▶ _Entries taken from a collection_
= = = = = = =

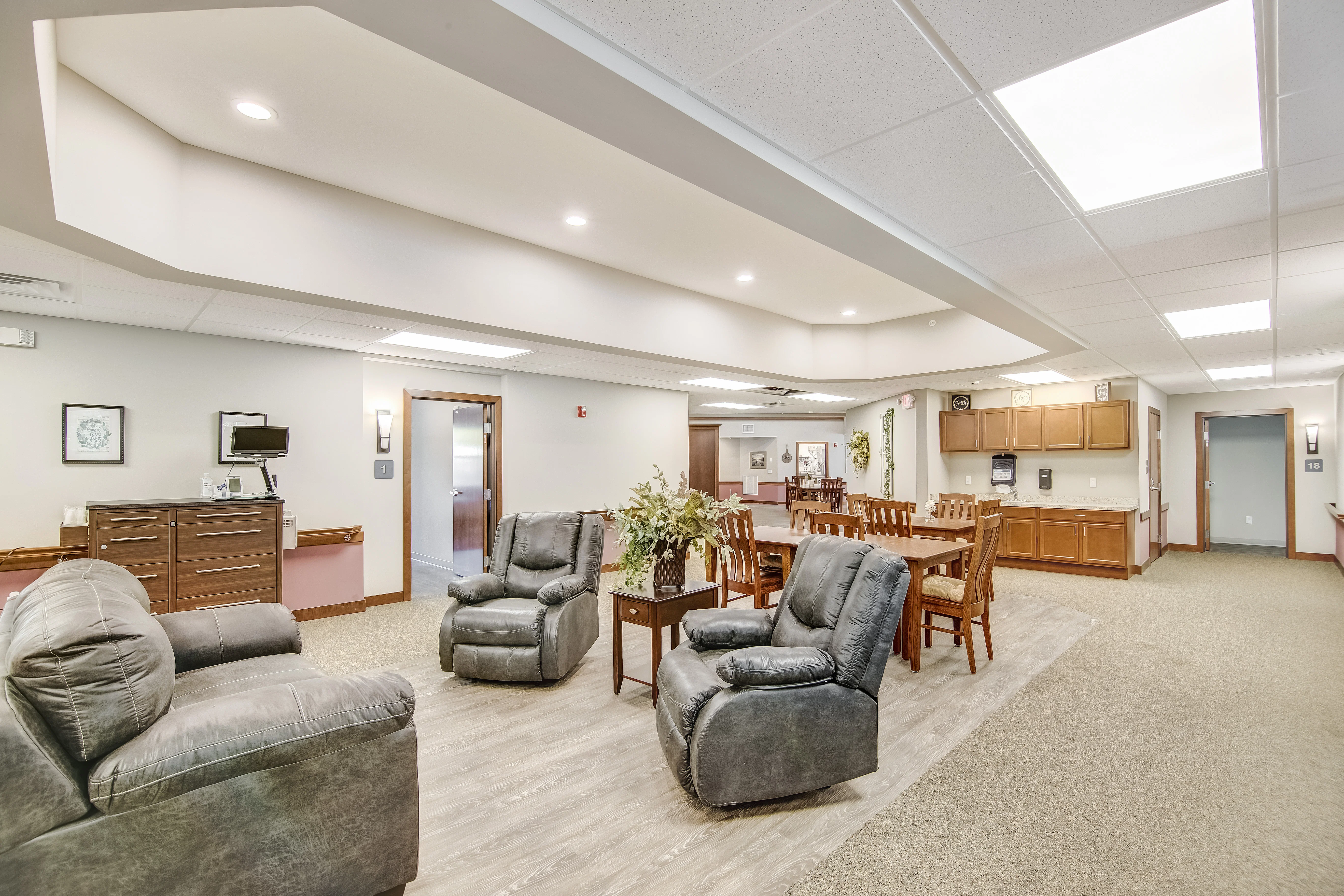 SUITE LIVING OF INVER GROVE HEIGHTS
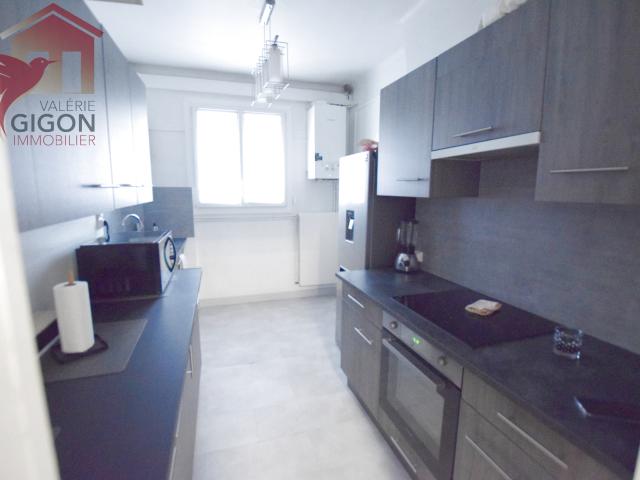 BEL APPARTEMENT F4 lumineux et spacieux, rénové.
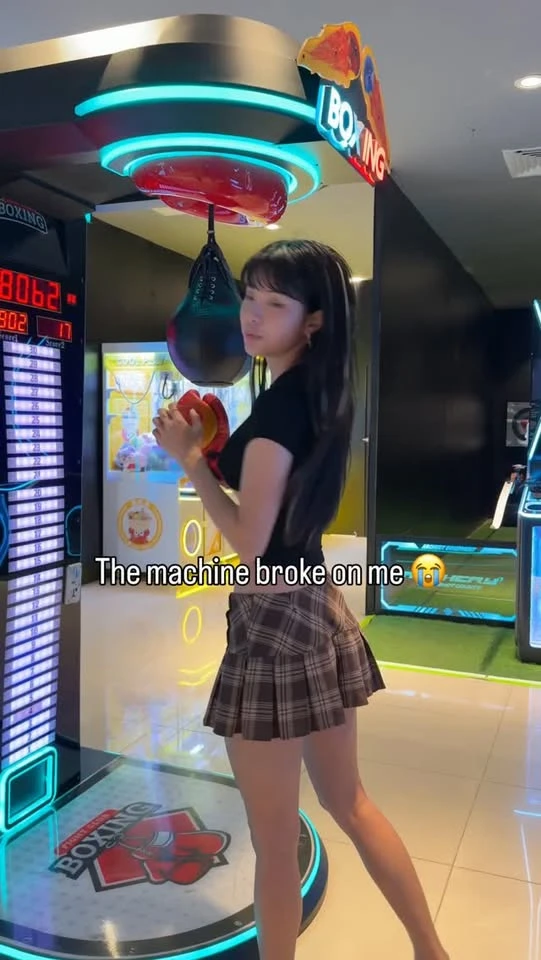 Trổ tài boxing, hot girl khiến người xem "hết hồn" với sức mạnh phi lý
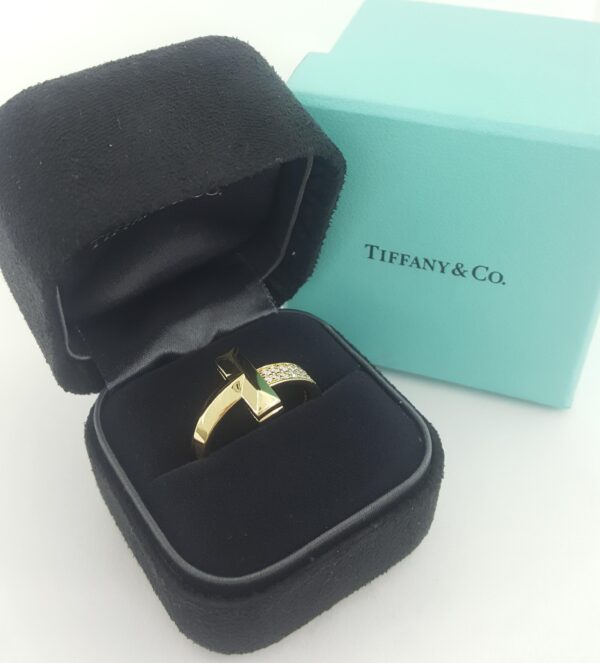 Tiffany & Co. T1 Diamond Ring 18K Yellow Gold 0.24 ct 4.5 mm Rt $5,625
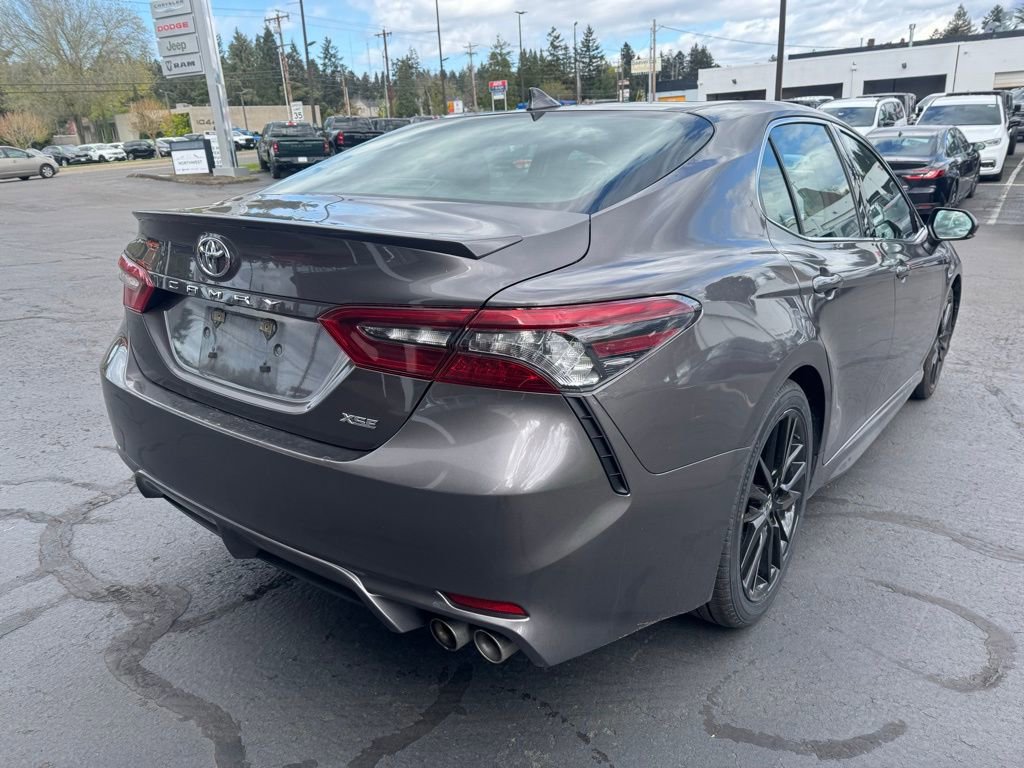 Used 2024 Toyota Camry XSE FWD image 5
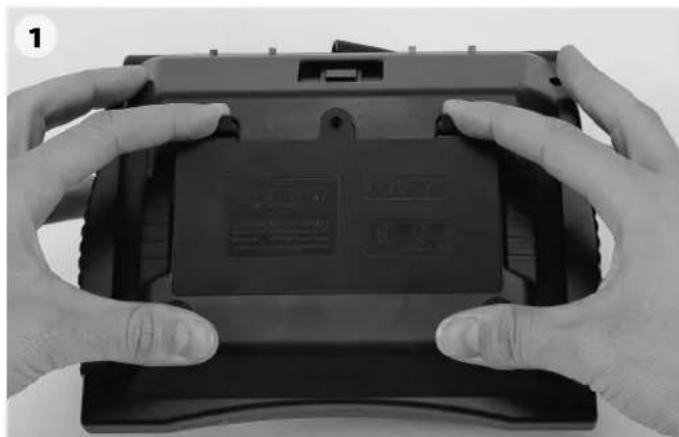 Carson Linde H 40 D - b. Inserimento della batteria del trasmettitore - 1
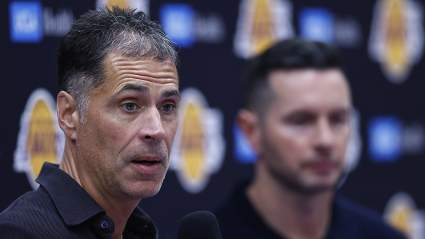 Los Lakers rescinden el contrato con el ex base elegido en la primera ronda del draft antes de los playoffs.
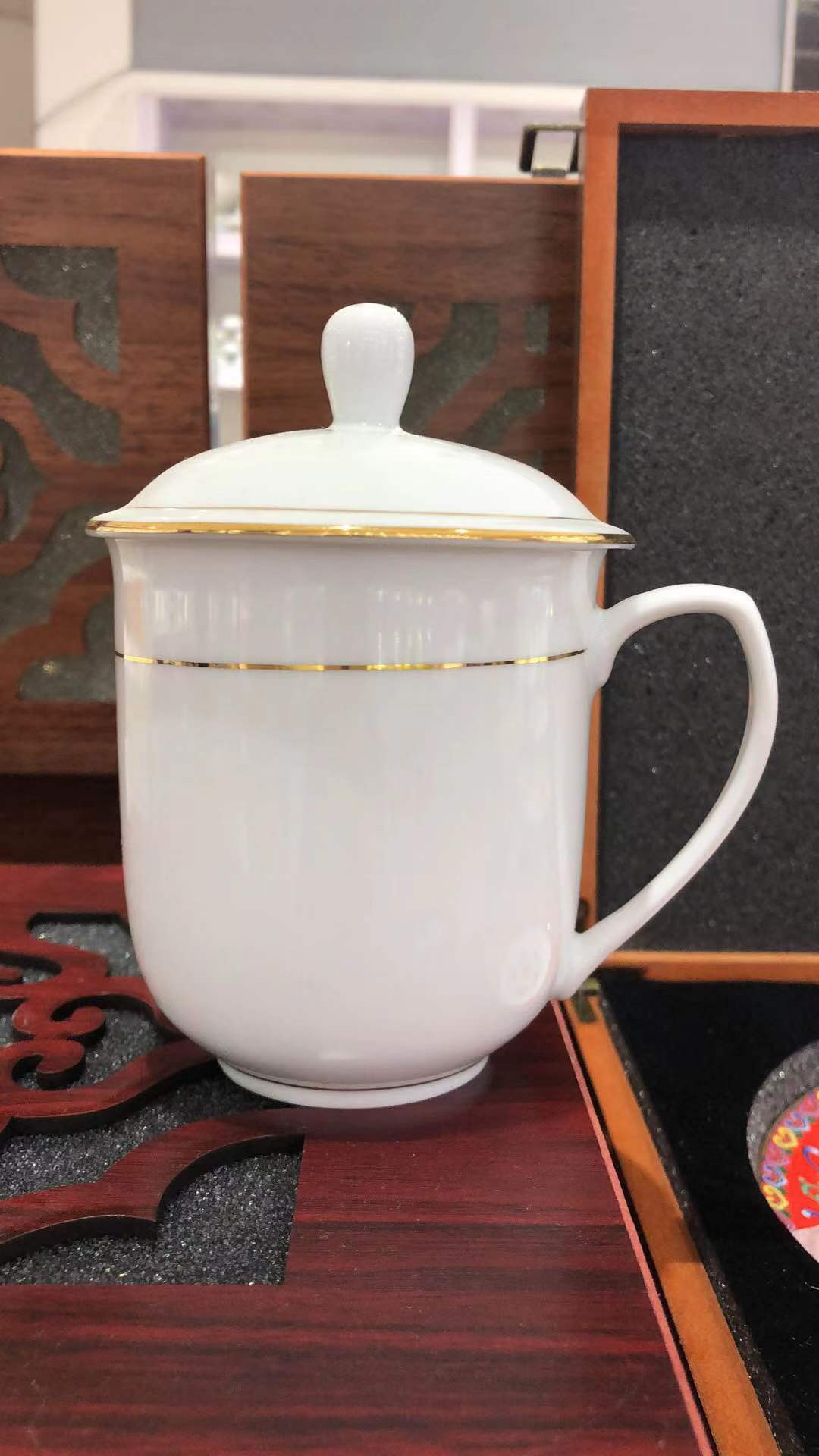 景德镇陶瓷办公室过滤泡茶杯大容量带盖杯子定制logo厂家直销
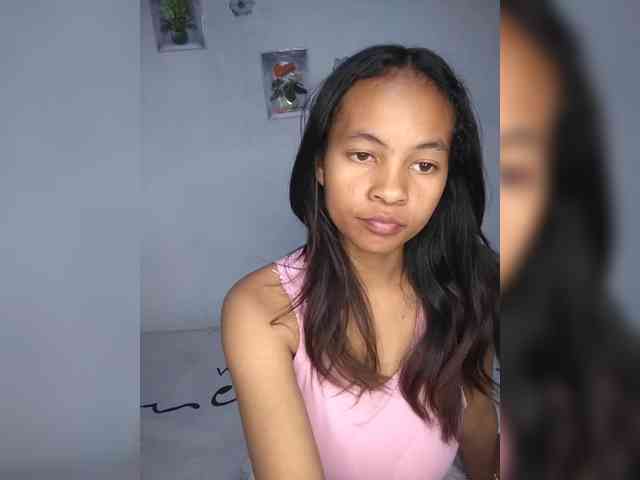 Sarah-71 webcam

= = = = = = =

▶ _PROMPT_
Each line in the records above should be reproduced exactly; images are not copied.

▶ _WRITTEN RESPONSE_
 SUITE LIVING OF INVER GROVE HEIGHTS
 BEL APPARTEMENT F4 lumineux et spacieux, rénové.
 Trổ tài boxing, hot girl khiến người xem "hết hồn" với sức mạnh phi lý
 Tiffany & Co. T1 Diamond Ring 18K Yellow Gold 0.24 ct 4.5 mm Rt $5,625
 Used 2024 Toyota Camry XSE FWD image 5
 Carson Linde H 40 D - b. Inserimento della batteria del trasmettitore - 1
 Los Lakers rescinden el contrato con el ex base elegido en la primera ronda del draft antes de los playoffs.
 景德镇陶瓷办公室过滤泡茶杯大容量带盖杯子定制logo厂家直销
 Sarah-71 webcam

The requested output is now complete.